It might be argued that vaccines should be directed, not to the poorest countries, but to those with the highest case fatality rates (CFRs). Research has shown that COVID-19 is more deadly in countries with increased prevalence of obesity, diabetes, cardiovascular issues, and those with older populations: all apt descriptors for Australia. Such a simplistic take, however, would overlook the quality of medical care already available in Australia and our medical system’s strong (albeit still limited) capacity to deal with significant medical emergencies. Furthermore, this analysis relies on questionable data, with severe undertesting for COVID skewing statistics in poorer countries. And as noted by Burkett, any analysis based on CFR would have to consider not only the initial risk of COVID, but the diminishing returns in vaccine effectiveness. Whereas the first dose of a Pfizer vaccine can reduce the likelihood of developing symptoms by around 50%, a second dose adds around 40% more protection and a third only 10-15% when compared to baseline.

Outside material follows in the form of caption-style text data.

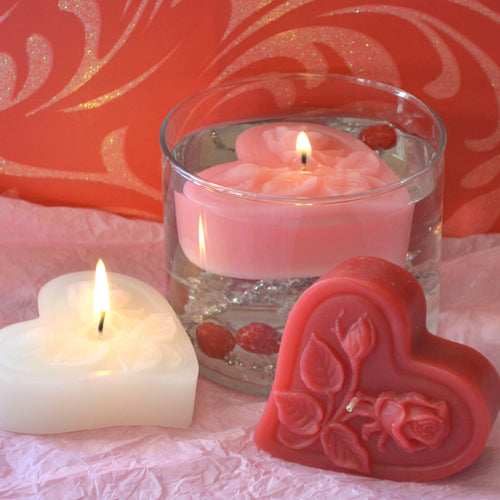 three floating heart candles with roses on top in pink, white and red floating in a clear glass cylinder for valentines day centerpieces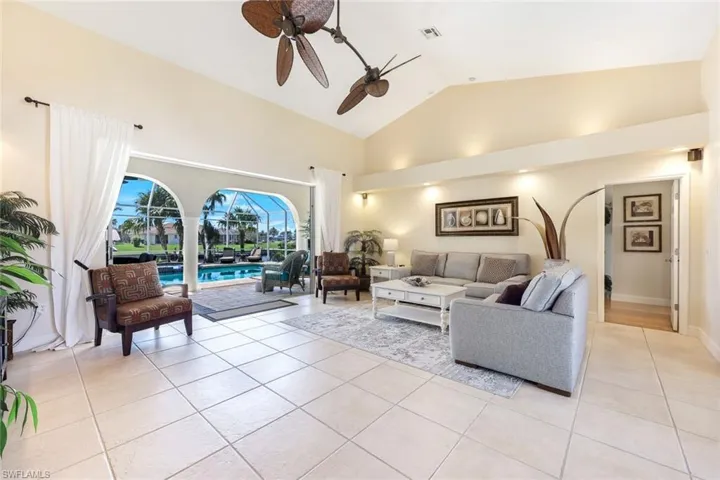 Living area featuring light tile patterned floors, visible vents, high vaulted ceiling, and ceiling fan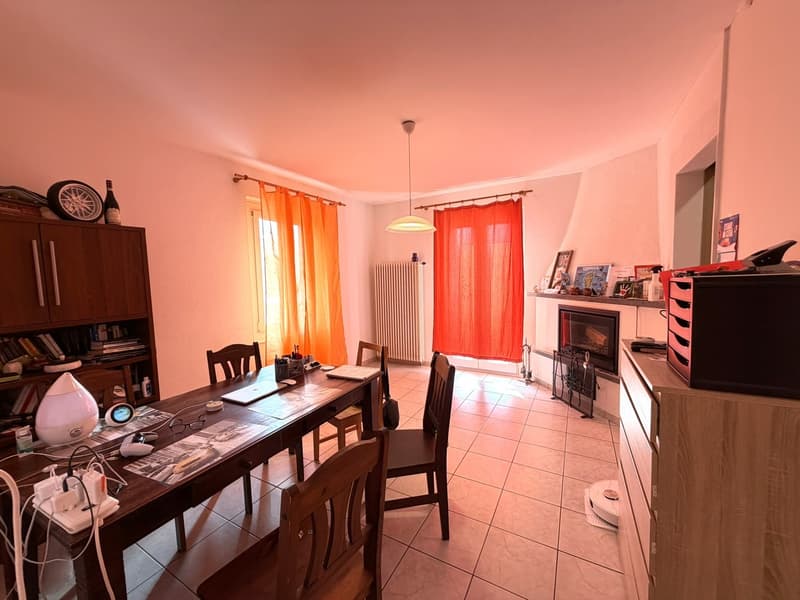 Dining room with wooden table, chairs, fireplace, radiator, bookshelves, and various items on the table
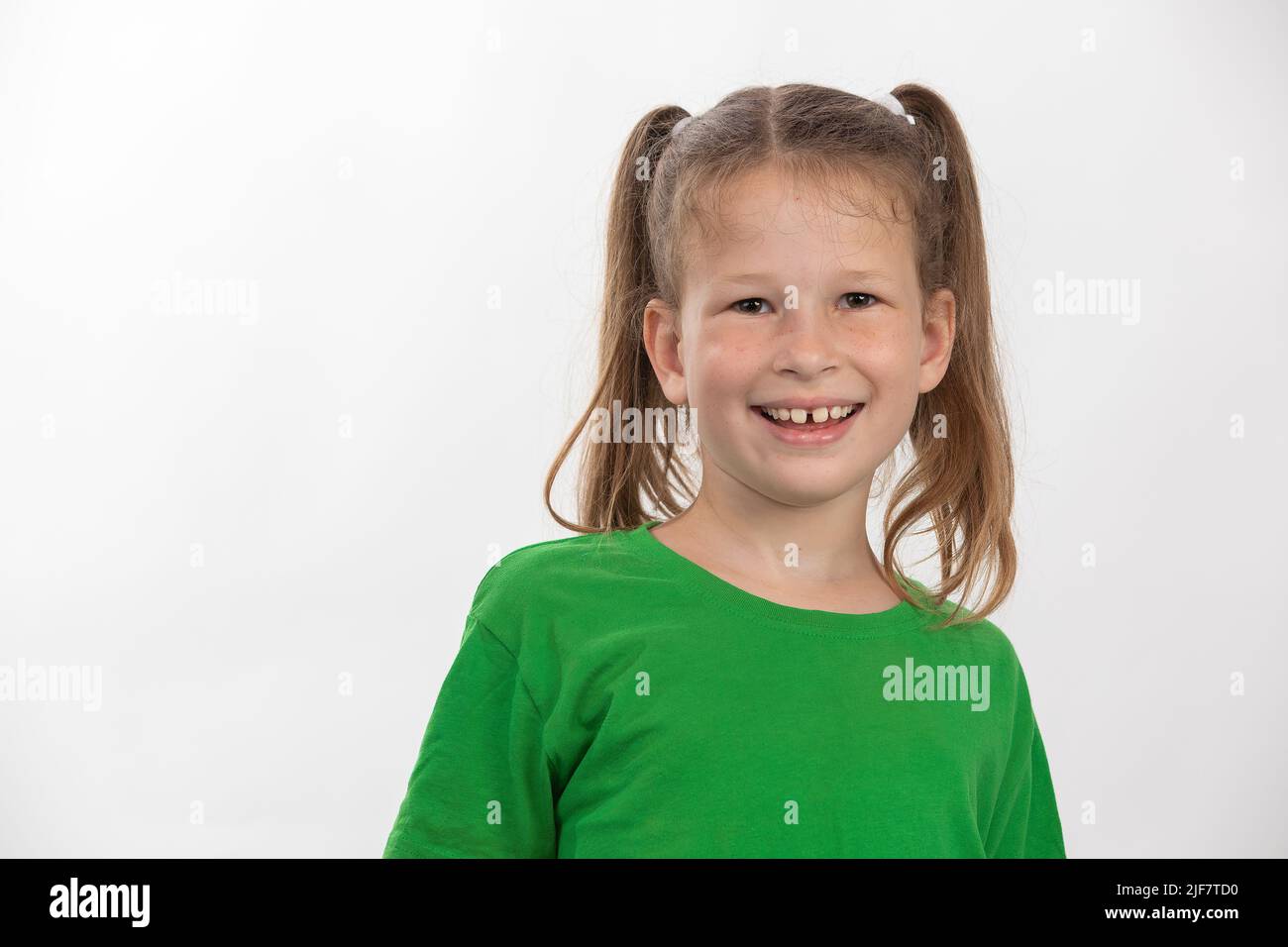 Petite fille souriante dans un t-shirt vert sur fond blanc Banque D'Images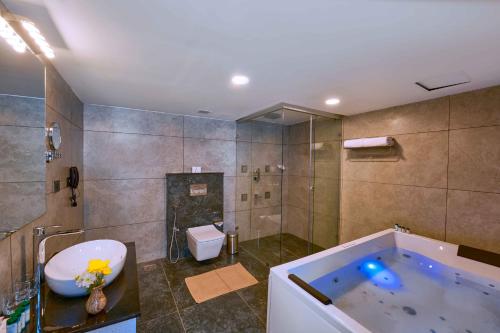 a bathroom with a tub and a sink and a toilet at Serene Horizon in Thekkady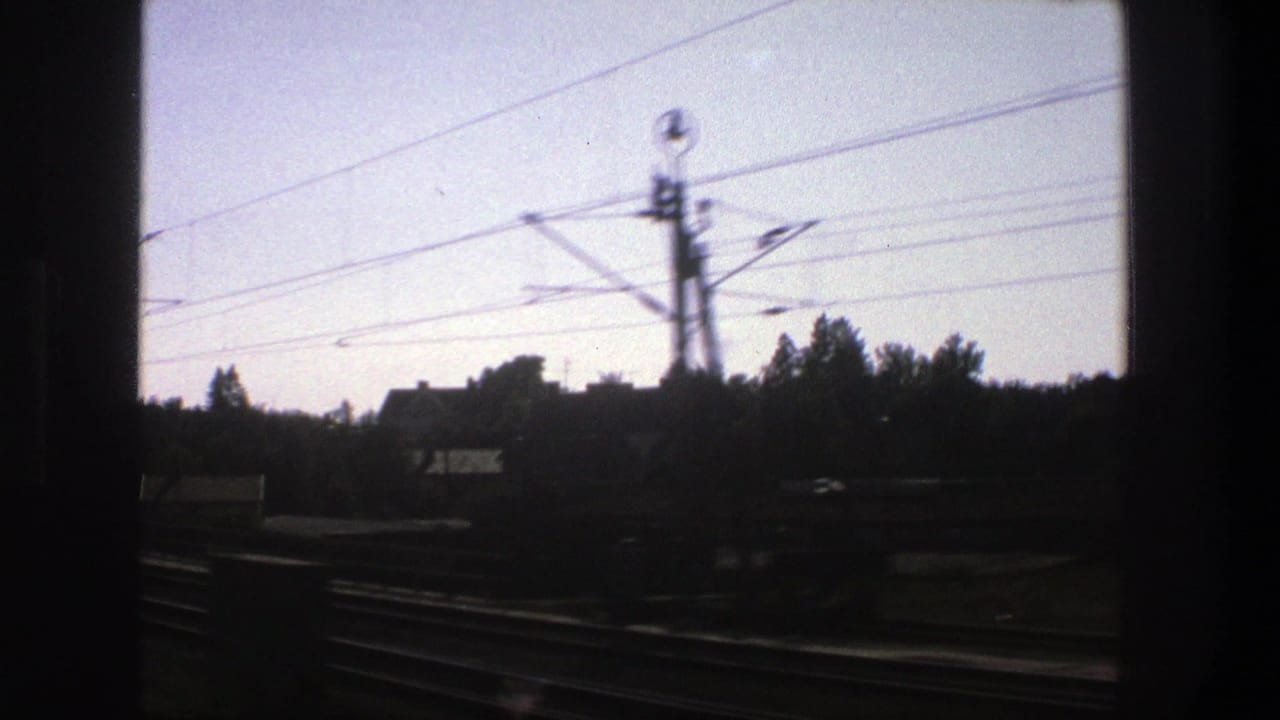 Moving 8mm view in Stockholm, Sweden, showing overhead rail wires, trackside poles, trees, rooftops, and a dark window divider.
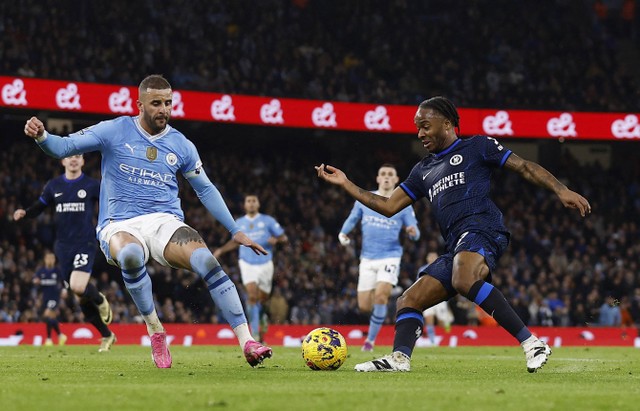 Raheem Sterling menggocek Kyle Walker sebelum mencetak gol saat laga Man City vs Chelsea dalam pekan ke-25 Liga Inggris 2023/24 di Stadion Etihad pada Minggu (18/2) dini hari WIB. Foto: Action Images via Reuters/Jason Cairnduff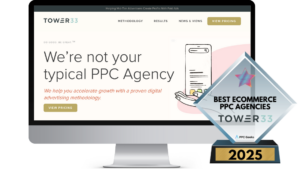 A computer screen displaying the Tower33 website, showcasing their PPC services, with an award badge for Best eCommerce PPC Agencies 2025 in the foreground.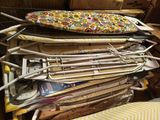 une pile de tables à repasser, surmontée d'une planche de surf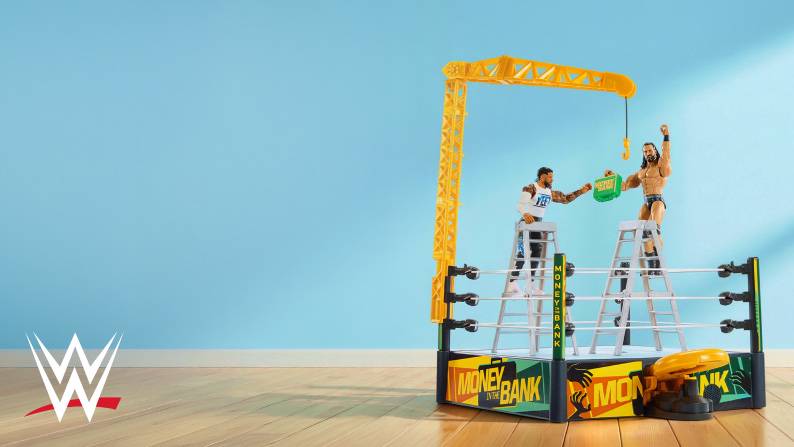 WWE logo. Two wrestling action figures on ladders in a toy ring with a crane, holding a briefcase.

So, it is hard to make the case that we need booster shots more than those in the developing world need a first or second dose. A better argument might be that boosters would provide a net benefit to both health and the economy, and, as we can get them, we should take them. This is a kind of medical lifeboat ethics: we have the capacity to save ourselves, and we shouldn’t squander that chance on the naïve hope of saving others. After all, the responsibility of government is to look out for the interests of its citizens. Politically, vaccine boosters are local, immediate and – perhaps most importantly for the current government in the run up to an election – highly marketable to an understandably worried voter base. And whereas bioethicist Nancy Jecker points out that countries like Tanzania, Chad, and Haiti are hovering at a disastrous 1% vaccination rate, this comparison is neither apt nor helpful. The issue there is not so much with vaccine supply (although this may be a contributing factor) as the potent mix of conflict, corruption and political instability preventing acquisition and effective distribution of vaccines. In Australia, we have boosters available (and more on the way), and we have the capacity to administer them. So why shouldn’t we?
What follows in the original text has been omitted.